Task to carry out: Write out the stretch of lines below that begins at the line with "Shorts top jeans moda" and ends at the line with "2025 Toyota 4Runner TRD Sport 4WD (Natl)", including both, exactly as given and nothing more.

Dataset entries:

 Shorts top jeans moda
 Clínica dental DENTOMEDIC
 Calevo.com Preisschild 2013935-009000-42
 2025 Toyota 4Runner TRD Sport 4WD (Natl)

...

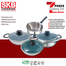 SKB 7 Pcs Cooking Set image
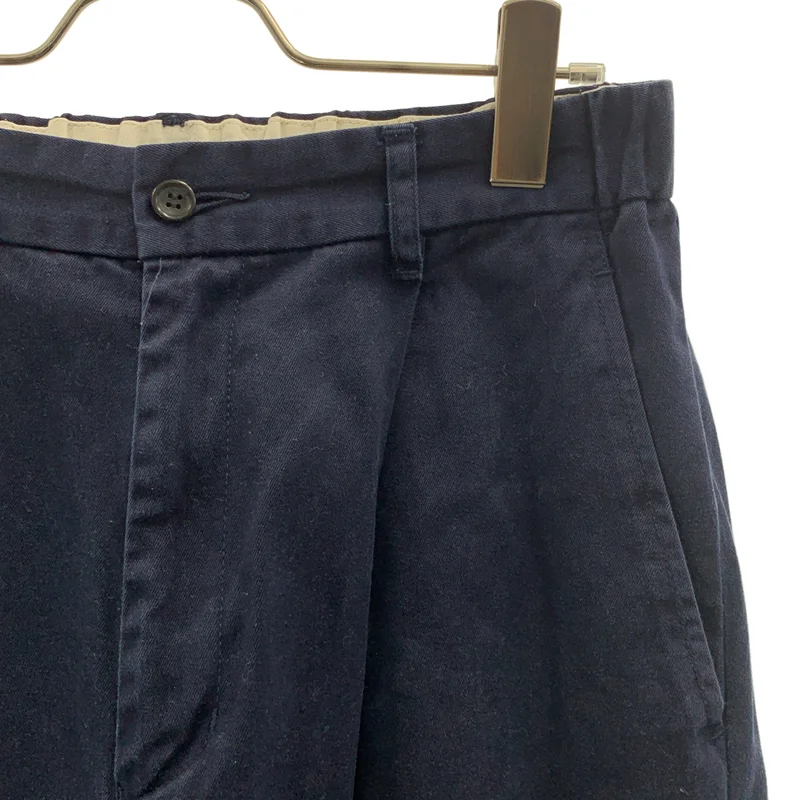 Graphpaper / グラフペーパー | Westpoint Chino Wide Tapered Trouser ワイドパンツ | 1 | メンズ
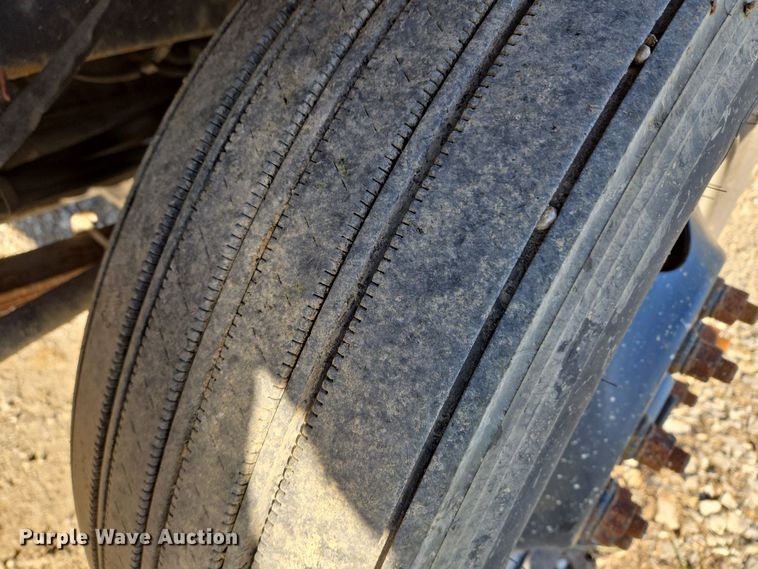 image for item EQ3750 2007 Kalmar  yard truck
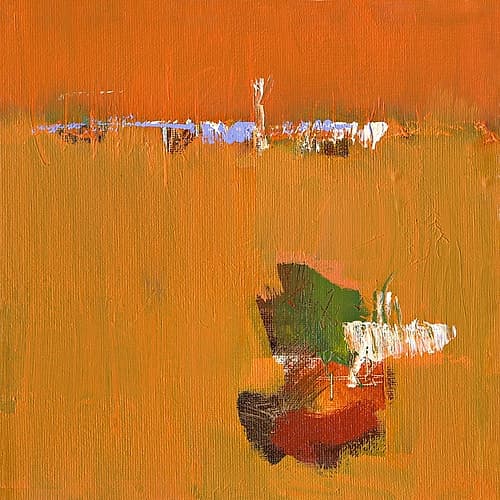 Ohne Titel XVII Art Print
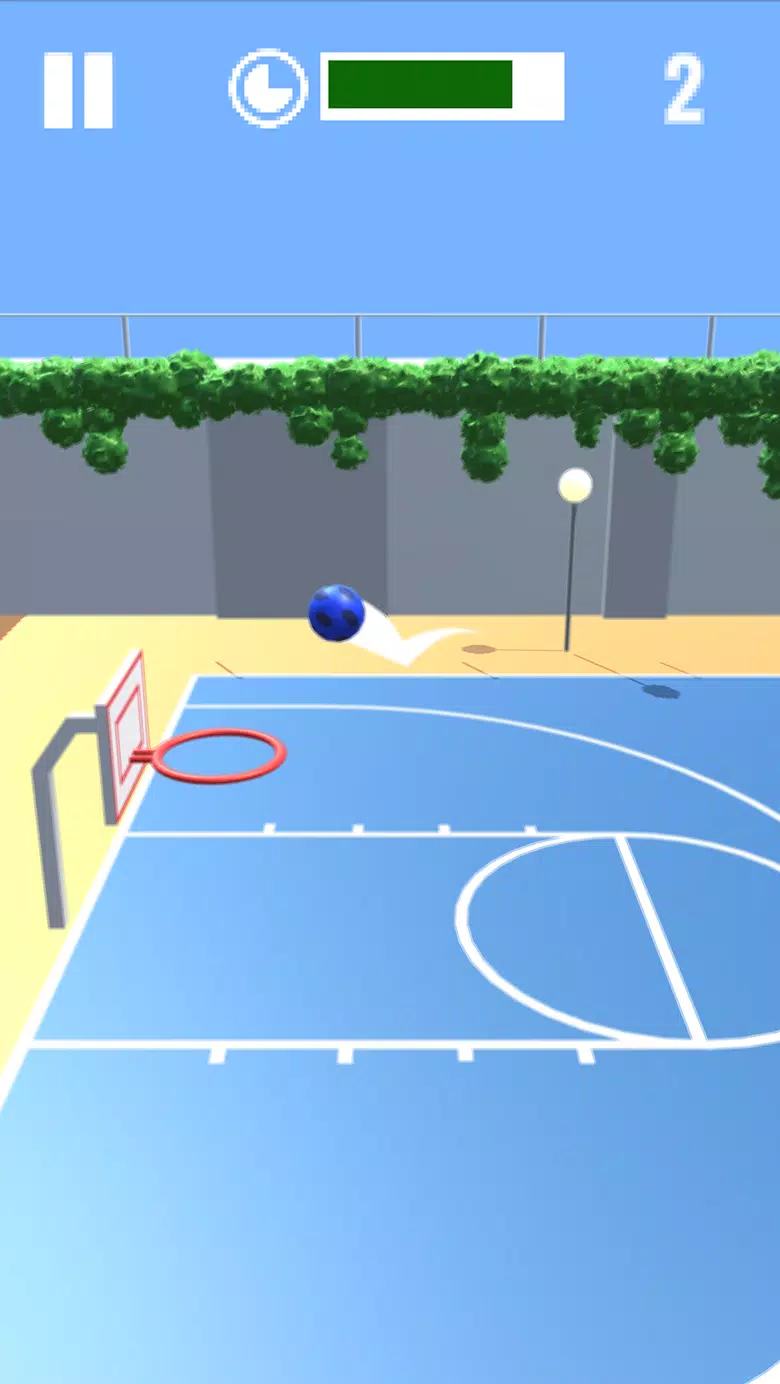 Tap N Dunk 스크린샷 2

Answer to this problem:
 Shorts top jeans moda
 Clínica dental DENTOMEDIC
 Calevo.com Preisschild 2013935-009000-42
 2025 Toyota 4Runner TRD Sport 4WD (Natl)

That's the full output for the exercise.